ALEXEI ALEXEIEVICH HARLAMOFF
Saratov 1849 – 1925 Paris
Alexei Alexeievich Harlamoff was born at Saratov, Russia in 1849. He studied at the Academy of Fine Arts in St. Petersburg and won a gold medal and a travel scholarship in 1868 for his painting The Return of the Prodigal Son. This enabled him to go to Paris, where he remained, working with the great portrait painter and teacher at the École des Beaux-Arts, Léon Bonnat (1834-1922). His work was exhibited in the Russian section of the Décennale exhibition of art produced between 1889 and 1900, which was part of the World's Fair held in Paris in 1900.
In his early career, he painted many genre and religious subjects, learning his skills by copying Old Master paintings such as Rembrandt's Anatomy Lesson in the Mauritshuis in The Hague. He also became a respected portrait painter, with such important sitters as Tsar Alexander II and Prince Demidoff. Perhaps his most beloved subjects were informal portraits of peasant girls. These sitters were painted for their beauty and innocence rather than their fame. Harlamoff eloquently evoked the symbolism of the flower representing the short-lived innocence of youth so popular with artists of the end of the nineteenth century, while capturing a uniquely Russian ambience in the details of dress and facial features.

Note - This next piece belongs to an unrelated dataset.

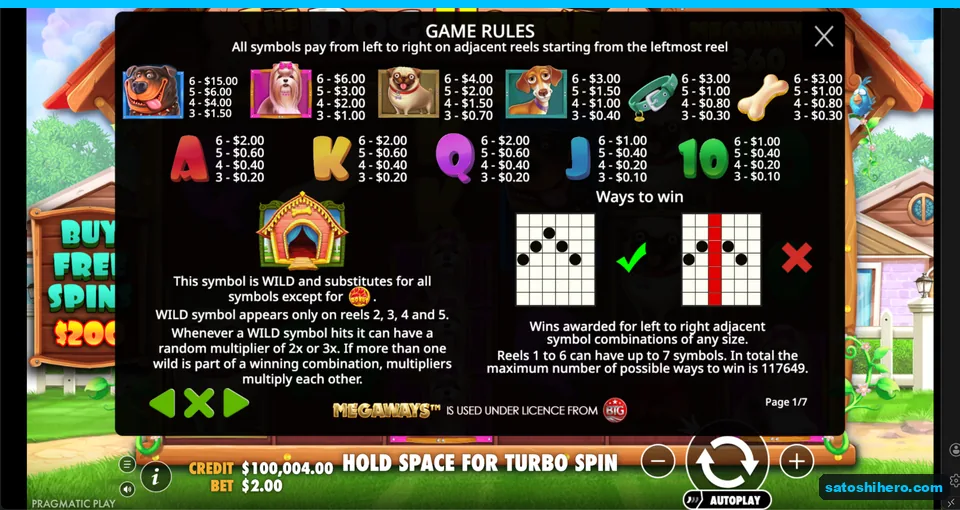 Rules page shows symbol pays and ways diagram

Harlamoff was also interested in the range of emotions within facial expressions; his A girl in a white veil with her charming, contemplative gaze is an excellent example. It was probably the sweet, smiling expressions of his Children playing with Flowers that drew the admiration of Queen Victoria when she saw it in the Glasgow International Exhibition in 1888.
The work of Alexei Harlamoff is represented in the Alexander III Museum in St Petersburg, the Tretiakov Gallery in Moscow and in the Brobinksi Collection.